#### Instructions for the task:
Quote the entries below from the line with "270 Degree Bay" through the line with "Recambio de motor", both ends included, and only those lines.

#### Records shown:
------------------------------------

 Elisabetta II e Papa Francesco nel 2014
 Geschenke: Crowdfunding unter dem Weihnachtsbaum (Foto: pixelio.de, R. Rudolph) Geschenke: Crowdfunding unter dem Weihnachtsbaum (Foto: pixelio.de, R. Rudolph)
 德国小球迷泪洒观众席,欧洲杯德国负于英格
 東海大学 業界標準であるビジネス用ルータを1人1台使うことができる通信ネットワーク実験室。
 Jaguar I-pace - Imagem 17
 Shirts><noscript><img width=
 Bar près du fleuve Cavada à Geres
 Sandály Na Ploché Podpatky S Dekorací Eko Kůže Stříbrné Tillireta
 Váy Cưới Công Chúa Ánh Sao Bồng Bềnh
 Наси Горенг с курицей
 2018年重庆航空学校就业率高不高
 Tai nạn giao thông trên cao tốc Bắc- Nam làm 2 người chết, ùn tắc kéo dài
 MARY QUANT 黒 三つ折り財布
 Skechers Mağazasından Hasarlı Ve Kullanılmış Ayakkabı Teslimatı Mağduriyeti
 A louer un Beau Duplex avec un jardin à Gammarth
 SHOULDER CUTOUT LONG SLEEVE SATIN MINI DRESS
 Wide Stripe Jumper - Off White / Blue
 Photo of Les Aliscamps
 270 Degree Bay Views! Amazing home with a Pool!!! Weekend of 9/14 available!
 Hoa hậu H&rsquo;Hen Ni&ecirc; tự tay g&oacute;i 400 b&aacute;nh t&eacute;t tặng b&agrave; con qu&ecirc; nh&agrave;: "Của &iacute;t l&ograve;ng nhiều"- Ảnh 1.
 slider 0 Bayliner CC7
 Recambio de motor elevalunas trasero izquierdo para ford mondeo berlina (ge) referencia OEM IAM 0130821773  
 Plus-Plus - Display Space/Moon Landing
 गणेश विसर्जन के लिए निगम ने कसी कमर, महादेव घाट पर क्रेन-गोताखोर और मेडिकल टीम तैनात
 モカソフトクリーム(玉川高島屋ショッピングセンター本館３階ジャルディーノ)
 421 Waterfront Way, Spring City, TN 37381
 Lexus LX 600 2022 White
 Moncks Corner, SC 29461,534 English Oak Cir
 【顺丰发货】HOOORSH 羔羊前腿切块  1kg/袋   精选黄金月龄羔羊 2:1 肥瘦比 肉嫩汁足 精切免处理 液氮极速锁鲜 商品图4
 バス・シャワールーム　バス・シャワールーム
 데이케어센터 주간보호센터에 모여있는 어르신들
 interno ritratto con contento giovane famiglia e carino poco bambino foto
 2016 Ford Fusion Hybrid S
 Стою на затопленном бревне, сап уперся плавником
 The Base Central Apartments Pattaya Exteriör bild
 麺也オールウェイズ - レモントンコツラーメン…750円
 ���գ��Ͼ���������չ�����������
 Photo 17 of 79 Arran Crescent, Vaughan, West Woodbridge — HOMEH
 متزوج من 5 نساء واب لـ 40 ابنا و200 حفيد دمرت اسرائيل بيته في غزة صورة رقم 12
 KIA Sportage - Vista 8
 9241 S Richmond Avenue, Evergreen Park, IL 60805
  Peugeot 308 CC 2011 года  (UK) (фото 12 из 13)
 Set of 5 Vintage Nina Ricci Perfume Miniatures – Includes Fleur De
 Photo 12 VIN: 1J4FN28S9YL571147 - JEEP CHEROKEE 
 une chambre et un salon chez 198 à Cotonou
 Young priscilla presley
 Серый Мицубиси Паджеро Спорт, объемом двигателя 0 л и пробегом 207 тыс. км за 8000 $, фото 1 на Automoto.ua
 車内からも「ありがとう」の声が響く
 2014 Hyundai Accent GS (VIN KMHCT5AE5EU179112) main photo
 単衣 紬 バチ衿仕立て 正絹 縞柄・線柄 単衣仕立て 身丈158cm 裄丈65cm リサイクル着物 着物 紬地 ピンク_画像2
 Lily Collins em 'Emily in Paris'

------------------------------------

#### Exercise answer:
 270 Degree Bay Views! Amazing home with a Pool!!! Weekend of 9/14 available!
 Hoa hậu H&rsquo;Hen Ni&ecirc; tự tay g&oacute;i 400 b&aacute;nh t&eacute;t tặng b&agrave; con qu&ecirc; nh&agrave;: "Của &iacute;t l&ograve;ng nhiều"- Ảnh 1.
 slider 0 Bayliner CC7
 Recambio de motor elevalunas trasero izquierdo para ford mondeo berlina (ge) referencia OEM IAM 0130821773  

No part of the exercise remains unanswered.